Buffett’s answer—as so often is the case—was quite simple-minded and succinct, yet very logical and packed full of good advice to consider. What really struck me was the same thing that struck me in Munger’s reply to the cattle rancher: Buffett’s ability to quickly discard an investment opportunity that belongs in his too hard pile. He wastes very little time and energy considering these types of ideas.

Here is the question from the student:

“What is your opinion of the prospects for the Kmart/Sears merger? How will Eddie Lampert do at bringing Kmart and Sears together?”

Buffett’s reply is simple and brief, but contains some really valuable gems on the circle of competence concept, the too hard pile, and more specifically, the dangers and difficulty of the retail business:

“Nobody knows. Eddie is a very smart guy but putting Kmart and Sears together is a tough hand. Turning around a retailer that has been slipping for a long time would be very difficult. Can you think of an example of a retailer that was successfully turned around? Broadcasting is easy; retailing is the other extreme. If you had a network television station 50 years ago, you didn’t really have to be a good salesman. The network paid you, car dealers paid you, and you made money.

“But in retail you have to be smarter than Wal-Mart. Every day retailers are constantly thinking about ways to get ahead of what they were doing the previous day.

“Retailing is like shooting at a moving target. In the past, people didn’t like to go excessive distances from the street cars to buy things. People would flock to those retailers that were nearby. In 1966, we bought the Hochschild Kohn department store in Baltimore. We learned quickly that it wasn’t going to be a winner, long-term, in a very short period of time. We had an antiquated distribution system. We did everything else right. We put in escalators. We gave people more credit. We had a great guy running it, and we still couldn’t win. So we sold it around 1970. That store isn’t there anymore. It isn’t good enough that there were smart people running it.

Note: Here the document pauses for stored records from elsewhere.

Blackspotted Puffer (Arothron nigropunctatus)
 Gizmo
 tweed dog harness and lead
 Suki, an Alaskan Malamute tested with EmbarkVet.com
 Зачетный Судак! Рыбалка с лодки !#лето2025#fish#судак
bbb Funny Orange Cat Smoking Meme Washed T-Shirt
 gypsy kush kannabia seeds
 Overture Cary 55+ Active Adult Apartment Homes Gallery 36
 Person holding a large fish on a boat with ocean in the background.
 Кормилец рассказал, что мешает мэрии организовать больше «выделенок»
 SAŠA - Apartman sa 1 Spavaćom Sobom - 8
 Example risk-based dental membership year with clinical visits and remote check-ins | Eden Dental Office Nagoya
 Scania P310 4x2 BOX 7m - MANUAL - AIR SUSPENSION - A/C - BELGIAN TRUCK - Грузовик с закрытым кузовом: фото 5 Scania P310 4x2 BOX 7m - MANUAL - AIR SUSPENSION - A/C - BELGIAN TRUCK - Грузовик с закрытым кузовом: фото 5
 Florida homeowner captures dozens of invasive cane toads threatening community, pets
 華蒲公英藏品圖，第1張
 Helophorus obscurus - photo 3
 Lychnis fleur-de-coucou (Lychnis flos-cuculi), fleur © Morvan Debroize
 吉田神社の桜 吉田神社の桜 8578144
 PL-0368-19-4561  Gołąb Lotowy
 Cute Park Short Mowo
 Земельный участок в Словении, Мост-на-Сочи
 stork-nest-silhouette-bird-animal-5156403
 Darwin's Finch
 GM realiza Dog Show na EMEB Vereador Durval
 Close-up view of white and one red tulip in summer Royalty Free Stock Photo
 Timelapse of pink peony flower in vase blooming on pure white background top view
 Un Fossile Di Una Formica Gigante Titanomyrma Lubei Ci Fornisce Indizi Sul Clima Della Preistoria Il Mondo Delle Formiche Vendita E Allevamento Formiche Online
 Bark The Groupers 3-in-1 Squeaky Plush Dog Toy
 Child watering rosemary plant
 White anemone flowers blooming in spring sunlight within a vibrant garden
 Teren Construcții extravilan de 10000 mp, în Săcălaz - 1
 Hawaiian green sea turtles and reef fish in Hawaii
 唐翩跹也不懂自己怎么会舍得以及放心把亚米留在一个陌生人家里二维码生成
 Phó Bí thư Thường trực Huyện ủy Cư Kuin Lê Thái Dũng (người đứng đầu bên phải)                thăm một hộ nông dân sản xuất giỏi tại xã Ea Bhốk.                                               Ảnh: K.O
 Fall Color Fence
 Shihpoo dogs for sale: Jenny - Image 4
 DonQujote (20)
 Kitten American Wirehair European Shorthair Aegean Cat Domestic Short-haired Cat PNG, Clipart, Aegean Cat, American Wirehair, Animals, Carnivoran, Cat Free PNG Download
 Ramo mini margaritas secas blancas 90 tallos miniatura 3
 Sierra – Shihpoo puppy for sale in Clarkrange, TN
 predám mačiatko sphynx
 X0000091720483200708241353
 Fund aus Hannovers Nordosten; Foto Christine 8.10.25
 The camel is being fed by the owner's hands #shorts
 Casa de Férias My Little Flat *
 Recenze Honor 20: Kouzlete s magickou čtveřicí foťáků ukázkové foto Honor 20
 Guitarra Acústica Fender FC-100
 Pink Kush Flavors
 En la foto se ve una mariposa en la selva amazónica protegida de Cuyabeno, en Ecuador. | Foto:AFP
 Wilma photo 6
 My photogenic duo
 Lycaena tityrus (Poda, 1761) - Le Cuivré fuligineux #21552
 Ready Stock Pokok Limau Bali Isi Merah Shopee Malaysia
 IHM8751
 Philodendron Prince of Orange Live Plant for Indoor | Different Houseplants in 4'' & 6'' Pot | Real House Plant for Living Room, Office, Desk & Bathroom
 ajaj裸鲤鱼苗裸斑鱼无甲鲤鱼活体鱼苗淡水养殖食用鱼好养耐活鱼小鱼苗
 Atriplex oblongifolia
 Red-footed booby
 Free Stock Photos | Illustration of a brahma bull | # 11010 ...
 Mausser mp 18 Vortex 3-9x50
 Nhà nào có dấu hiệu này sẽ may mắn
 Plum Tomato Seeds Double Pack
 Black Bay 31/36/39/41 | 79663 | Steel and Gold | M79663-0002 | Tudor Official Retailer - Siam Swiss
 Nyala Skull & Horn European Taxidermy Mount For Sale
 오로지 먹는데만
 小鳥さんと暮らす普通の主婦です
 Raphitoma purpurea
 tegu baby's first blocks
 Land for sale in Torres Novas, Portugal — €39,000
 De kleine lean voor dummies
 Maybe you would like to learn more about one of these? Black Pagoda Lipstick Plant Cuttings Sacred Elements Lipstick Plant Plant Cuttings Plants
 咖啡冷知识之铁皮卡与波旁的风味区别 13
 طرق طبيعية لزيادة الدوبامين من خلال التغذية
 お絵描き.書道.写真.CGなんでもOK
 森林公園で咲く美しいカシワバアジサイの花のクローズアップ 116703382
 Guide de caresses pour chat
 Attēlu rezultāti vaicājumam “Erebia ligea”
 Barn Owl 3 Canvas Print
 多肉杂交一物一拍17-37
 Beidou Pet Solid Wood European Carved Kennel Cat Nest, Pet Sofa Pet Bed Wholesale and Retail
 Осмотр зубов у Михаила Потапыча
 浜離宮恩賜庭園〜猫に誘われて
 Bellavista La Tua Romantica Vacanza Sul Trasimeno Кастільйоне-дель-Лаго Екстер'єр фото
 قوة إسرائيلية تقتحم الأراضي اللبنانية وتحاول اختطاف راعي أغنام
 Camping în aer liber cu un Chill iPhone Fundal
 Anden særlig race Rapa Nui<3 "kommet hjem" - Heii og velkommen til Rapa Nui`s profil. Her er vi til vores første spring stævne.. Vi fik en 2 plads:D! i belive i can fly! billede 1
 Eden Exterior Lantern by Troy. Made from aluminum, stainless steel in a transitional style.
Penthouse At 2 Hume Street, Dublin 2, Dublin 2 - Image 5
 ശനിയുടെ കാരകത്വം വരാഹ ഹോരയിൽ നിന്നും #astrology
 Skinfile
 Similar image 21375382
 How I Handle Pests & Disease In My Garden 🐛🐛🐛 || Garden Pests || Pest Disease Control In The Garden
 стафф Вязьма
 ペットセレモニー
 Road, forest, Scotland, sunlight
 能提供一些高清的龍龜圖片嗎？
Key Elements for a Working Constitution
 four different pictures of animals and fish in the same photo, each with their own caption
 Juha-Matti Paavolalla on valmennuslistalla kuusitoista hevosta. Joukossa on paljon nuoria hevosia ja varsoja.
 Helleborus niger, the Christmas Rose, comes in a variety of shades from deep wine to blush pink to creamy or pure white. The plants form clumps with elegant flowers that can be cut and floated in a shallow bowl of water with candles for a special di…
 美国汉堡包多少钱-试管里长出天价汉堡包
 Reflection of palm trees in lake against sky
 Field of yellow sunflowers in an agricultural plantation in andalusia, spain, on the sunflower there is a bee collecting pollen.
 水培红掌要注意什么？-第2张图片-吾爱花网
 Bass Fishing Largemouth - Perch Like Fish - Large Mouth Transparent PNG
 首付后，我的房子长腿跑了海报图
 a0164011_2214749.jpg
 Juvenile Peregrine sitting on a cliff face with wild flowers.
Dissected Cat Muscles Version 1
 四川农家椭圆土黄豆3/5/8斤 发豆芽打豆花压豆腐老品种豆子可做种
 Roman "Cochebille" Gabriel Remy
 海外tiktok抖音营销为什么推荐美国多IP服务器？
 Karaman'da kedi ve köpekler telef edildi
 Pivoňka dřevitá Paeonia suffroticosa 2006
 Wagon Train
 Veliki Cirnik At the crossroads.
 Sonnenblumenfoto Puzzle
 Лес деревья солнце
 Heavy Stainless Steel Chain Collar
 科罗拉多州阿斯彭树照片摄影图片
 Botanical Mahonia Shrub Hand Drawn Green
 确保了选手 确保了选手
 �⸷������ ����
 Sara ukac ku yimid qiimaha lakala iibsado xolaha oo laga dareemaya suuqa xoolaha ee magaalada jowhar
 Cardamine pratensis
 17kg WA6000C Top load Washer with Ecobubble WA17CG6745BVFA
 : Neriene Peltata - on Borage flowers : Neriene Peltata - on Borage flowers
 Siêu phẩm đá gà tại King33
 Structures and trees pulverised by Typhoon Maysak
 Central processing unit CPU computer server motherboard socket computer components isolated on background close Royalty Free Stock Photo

“It will be interesting to see how Kmart and Sears play out. They already have a lot of real estate, and have let go of a bunch of Sears’ management (500 people). They’ve captured some savings already.

“We would rather look for easier things to do. The Buffett grocery stores started in Omaha in 1869 and lasted for 100 years. There were two competitors. In 1950, one competitor went out of business. In 1960 the other closed. We had the whole town to ourselves and still didn’t make any money.

“How many retailers have really sunk, and then come back? Not many. I can’t think of any. Don’t bet against the best. Costco is working on a 10-11% gross margin that is better than Wal-Mart’s and Sam’s. In comparison, department stores have 35% gross margins. It’s tough to compete against the best deal for customers. Department stores will keep their old customers that have a habit of shopping there, but they won’t pick up new ones. Wal-Mart is also a tough competitor because others can’t compete at their margins. It’s very efficient.

“If Eddie sees it as impossible, he won’t watch it evaporate. Maybe he can combine certain things and increase efficiencies, but he won’t be able to compete against Costco’s margins.”

Circle of Competence and the Too Hard Pile

There are a few really valuable comments in this reply, but probably most significantly to me was the ease with which he passed on the investment idea. Buffett didn’t necessarily say he knew Sears would fail or that he was shorting Sears, or anything certain. He definitely expressed doubt about the company’s prospects, but he simply said it was too difficult of a business for him to want to own. There were too many things that needed to go right for Sears to work out as an investment, and Buffett just felt the odds were against him.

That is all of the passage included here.